BEGIN Input data

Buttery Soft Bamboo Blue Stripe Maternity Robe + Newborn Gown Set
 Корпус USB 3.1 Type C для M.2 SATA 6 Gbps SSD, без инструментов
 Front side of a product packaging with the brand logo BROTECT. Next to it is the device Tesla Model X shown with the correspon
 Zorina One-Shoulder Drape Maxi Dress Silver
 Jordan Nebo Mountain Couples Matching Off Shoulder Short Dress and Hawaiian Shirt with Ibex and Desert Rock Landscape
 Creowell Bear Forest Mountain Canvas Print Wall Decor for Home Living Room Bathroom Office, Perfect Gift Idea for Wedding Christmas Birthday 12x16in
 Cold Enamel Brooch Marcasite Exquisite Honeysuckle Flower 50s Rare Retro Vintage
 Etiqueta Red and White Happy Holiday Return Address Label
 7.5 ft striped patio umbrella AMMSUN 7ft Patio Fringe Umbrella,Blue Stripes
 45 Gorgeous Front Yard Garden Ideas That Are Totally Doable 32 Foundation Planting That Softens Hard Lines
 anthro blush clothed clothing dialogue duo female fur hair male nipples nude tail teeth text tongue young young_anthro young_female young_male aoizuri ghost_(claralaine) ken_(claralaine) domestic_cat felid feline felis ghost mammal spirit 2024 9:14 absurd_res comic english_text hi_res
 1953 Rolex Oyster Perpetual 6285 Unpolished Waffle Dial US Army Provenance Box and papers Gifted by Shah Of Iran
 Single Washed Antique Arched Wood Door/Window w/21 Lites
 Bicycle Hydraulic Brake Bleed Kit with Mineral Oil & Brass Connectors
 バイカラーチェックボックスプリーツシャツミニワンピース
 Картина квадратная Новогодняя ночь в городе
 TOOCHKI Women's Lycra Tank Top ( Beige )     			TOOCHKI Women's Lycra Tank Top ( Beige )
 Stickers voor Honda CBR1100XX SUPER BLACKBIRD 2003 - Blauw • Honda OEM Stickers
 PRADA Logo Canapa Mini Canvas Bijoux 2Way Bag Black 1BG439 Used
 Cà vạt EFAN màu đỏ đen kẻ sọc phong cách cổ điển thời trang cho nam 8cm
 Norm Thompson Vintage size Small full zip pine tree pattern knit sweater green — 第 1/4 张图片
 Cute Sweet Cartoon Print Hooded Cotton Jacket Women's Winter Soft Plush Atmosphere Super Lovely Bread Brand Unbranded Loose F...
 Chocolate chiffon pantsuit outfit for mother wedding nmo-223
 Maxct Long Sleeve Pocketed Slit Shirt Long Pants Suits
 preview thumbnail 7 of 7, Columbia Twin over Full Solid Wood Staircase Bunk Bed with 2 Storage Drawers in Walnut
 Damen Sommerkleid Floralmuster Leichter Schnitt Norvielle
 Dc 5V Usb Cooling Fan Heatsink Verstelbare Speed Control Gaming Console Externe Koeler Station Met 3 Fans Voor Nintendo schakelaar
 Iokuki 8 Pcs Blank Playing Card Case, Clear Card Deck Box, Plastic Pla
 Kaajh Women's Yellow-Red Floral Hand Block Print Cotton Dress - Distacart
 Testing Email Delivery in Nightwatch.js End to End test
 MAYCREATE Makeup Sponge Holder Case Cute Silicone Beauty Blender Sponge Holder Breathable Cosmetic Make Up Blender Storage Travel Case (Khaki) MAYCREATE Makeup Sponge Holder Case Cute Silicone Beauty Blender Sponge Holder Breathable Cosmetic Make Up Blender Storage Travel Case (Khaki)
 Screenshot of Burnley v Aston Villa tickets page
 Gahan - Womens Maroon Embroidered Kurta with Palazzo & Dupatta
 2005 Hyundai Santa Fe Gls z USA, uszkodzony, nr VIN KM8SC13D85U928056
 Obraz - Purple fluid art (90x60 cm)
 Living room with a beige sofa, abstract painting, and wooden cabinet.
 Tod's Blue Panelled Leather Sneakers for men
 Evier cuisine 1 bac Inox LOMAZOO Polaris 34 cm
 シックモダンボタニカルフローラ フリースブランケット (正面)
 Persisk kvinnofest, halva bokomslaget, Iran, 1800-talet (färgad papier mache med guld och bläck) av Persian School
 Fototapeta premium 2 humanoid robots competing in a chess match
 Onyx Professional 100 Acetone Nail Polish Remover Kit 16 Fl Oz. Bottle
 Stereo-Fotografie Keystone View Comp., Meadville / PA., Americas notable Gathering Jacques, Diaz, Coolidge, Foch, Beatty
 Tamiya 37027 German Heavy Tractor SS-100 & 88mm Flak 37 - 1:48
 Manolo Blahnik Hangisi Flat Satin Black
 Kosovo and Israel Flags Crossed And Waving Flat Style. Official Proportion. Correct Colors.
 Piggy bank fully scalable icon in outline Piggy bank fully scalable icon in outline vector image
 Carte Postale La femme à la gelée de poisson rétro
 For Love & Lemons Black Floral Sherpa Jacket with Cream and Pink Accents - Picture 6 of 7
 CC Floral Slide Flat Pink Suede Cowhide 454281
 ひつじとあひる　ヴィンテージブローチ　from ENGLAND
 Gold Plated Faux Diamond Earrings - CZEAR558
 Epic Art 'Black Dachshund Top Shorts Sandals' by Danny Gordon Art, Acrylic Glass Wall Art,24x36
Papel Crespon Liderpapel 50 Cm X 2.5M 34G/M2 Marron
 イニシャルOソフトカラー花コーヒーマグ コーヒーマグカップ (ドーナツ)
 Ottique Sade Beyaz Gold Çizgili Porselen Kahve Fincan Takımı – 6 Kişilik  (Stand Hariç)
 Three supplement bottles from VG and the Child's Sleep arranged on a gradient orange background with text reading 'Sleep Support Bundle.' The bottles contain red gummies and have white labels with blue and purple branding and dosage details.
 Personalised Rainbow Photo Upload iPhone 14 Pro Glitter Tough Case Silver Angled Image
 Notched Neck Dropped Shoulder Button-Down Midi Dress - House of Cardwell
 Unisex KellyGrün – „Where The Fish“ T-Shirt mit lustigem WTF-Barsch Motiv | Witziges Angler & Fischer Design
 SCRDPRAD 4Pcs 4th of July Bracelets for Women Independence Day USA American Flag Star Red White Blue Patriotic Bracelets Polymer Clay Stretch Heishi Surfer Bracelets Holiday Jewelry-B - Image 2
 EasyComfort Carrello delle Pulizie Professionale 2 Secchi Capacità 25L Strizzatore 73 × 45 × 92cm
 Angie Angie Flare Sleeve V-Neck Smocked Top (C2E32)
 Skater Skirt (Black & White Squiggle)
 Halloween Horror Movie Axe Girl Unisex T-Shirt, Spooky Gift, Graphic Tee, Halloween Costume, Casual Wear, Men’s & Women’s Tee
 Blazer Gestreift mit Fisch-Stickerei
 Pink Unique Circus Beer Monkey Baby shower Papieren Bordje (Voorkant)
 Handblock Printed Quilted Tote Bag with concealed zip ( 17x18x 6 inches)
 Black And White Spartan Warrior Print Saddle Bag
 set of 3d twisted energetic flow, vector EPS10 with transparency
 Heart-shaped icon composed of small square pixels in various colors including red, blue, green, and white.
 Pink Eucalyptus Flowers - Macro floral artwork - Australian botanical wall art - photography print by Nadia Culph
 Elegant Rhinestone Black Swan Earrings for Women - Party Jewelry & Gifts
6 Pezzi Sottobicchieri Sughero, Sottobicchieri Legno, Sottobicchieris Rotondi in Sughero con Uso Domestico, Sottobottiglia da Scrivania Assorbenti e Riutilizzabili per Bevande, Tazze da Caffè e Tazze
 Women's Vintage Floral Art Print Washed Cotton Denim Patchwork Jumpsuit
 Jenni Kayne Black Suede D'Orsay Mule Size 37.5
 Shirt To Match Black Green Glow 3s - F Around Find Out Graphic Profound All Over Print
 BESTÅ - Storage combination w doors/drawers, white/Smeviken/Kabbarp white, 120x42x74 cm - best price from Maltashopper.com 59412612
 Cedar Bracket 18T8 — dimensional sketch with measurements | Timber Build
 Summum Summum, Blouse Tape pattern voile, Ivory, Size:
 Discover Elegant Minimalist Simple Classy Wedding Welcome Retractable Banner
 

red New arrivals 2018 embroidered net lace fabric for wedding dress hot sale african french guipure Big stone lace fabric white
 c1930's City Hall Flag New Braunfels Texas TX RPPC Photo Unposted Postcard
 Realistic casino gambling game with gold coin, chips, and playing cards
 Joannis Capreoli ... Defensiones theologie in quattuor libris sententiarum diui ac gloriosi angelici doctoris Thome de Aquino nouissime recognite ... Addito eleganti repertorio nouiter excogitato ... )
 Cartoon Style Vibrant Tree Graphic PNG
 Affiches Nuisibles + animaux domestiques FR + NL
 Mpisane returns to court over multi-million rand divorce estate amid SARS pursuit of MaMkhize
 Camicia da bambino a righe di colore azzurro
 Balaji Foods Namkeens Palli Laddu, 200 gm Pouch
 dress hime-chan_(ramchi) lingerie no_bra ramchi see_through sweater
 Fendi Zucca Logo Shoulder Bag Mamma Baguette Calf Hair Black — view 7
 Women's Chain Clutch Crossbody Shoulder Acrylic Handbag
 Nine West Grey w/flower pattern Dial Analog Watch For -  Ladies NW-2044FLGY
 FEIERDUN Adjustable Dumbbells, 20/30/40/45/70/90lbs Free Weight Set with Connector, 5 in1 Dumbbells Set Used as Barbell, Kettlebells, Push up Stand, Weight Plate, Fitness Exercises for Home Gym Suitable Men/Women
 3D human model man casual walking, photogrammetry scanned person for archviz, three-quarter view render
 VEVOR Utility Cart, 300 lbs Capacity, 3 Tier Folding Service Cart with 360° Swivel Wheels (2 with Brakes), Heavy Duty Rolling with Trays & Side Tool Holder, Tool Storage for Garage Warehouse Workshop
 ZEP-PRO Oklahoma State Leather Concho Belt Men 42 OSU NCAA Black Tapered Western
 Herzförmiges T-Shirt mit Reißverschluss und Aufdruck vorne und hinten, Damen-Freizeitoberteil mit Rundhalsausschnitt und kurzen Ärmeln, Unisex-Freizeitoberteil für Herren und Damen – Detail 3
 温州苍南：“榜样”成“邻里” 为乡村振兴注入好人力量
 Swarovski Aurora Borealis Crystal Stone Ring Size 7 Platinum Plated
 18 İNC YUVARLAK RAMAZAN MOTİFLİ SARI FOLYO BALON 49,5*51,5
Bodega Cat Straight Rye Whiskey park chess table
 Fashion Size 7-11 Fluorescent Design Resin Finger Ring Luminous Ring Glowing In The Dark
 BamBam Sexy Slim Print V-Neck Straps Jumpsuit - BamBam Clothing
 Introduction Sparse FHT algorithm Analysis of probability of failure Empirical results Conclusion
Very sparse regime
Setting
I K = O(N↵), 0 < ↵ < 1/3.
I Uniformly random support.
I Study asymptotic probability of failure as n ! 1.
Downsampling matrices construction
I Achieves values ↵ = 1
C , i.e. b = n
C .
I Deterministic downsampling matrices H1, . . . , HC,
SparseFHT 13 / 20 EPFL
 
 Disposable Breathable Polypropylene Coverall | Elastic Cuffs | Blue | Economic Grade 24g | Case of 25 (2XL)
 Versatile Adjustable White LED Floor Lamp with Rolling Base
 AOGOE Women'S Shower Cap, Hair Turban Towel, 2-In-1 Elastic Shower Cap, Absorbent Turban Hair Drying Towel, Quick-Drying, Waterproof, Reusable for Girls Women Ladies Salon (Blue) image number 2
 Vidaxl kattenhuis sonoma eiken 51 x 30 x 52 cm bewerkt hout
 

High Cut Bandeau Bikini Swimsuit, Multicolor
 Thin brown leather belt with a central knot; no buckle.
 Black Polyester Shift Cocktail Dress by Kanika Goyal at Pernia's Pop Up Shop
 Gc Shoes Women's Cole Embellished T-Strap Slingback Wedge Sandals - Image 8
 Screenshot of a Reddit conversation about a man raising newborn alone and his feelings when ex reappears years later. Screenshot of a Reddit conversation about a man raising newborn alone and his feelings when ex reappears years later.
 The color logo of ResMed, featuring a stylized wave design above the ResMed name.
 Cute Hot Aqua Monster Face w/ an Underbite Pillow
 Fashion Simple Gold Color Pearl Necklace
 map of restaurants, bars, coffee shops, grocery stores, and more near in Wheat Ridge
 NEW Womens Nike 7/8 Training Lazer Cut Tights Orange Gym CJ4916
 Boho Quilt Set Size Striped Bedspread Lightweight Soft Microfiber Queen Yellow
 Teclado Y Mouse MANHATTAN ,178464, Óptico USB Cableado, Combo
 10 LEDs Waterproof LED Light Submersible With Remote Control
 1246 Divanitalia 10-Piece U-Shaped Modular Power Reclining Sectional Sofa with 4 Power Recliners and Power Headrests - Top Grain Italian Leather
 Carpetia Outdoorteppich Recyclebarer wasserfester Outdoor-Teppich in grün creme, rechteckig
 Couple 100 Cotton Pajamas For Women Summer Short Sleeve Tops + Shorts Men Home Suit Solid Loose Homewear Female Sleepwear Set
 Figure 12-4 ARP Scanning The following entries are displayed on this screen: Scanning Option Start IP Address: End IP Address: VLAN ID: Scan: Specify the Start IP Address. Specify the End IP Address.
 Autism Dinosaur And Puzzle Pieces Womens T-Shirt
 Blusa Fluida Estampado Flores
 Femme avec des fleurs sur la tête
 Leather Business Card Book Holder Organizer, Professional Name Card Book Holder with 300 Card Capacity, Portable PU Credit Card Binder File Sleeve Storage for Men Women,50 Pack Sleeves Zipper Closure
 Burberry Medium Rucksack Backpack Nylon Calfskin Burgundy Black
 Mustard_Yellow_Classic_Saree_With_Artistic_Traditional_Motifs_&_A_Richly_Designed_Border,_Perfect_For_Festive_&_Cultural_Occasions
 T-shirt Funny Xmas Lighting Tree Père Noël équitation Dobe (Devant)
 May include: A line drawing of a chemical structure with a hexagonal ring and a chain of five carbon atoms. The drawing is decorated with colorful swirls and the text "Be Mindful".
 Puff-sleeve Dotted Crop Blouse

END Input data

Problem requirements:
Would you please copy, word for word, everything above from the line containing "CC Floral Slide" down to the line containing "set of 3d twisted", those two lines included?

The completed task:
 CC Floral Slide Flat Pink Suede Cowhide 454281
 ひつじとあひる　ヴィンテージブローチ　from ENGLAND
 Gold Plated Faux Diamond Earrings - CZEAR558
 Epic Art 'Black Dachshund Top Shorts Sandals' by Danny Gordon Art, Acrylic Glass Wall Art,24x36
Papel Crespon Liderpapel 50 Cm X 2.5M 34G/M2 Marron
 イニシャルOソフトカラー花コーヒーマグ コーヒーマグカップ (ドーナツ)
 Ottique Sade Beyaz Gold Çizgili Porselen Kahve Fincan Takımı – 6 Kişilik  (Stand Hariç)
 Three supplement bottles from VG and the Child's Sleep arranged on a gradient orange background with text reading 'Sleep Support Bundle.' The bottles contain red gummies and have white labels with blue and purple branding and dosage details.
 Personalised Rainbow Photo Upload iPhone 14 Pro Glitter Tough Case Silver Angled Image
 Notched Neck Dropped Shoulder Button-Down Midi Dress - House of Cardwell
 Unisex KellyGrün – „Where The Fish“ T-Shirt mit lustigem WTF-Barsch Motiv | Witziges Angler & Fischer Design
 SCRDPRAD 4Pcs 4th of July Bracelets for Women Independence Day USA American Flag Star Red White Blue Patriotic Bracelets Polymer Clay Stretch Heishi Surfer Bracelets Holiday Jewelry-B - Image 2
 EasyComfort Carrello delle Pulizie Professionale 2 Secchi Capacità 25L Strizzatore 73 × 45 × 92cm
 Angie Angie Flare Sleeve V-Neck Smocked Top (C2E32)
 Skater Skirt (Black & White Squiggle)
 Halloween Horror Movie Axe Girl Unisex T-Shirt, Spooky Gift, Graphic Tee, Halloween Costume, Casual Wear, Men’s & Women’s Tee
 Blazer Gestreift mit Fisch-Stickerei
 Pink Unique Circus Beer Monkey Baby shower Papieren Bordje (Voorkant)
 Handblock Printed Quilted Tote Bag with concealed zip ( 17x18x 6 inches)
 Black And White Spartan Warrior Print Saddle Bag
 set of 3d twisted energetic flow, vector EPS10 with transparency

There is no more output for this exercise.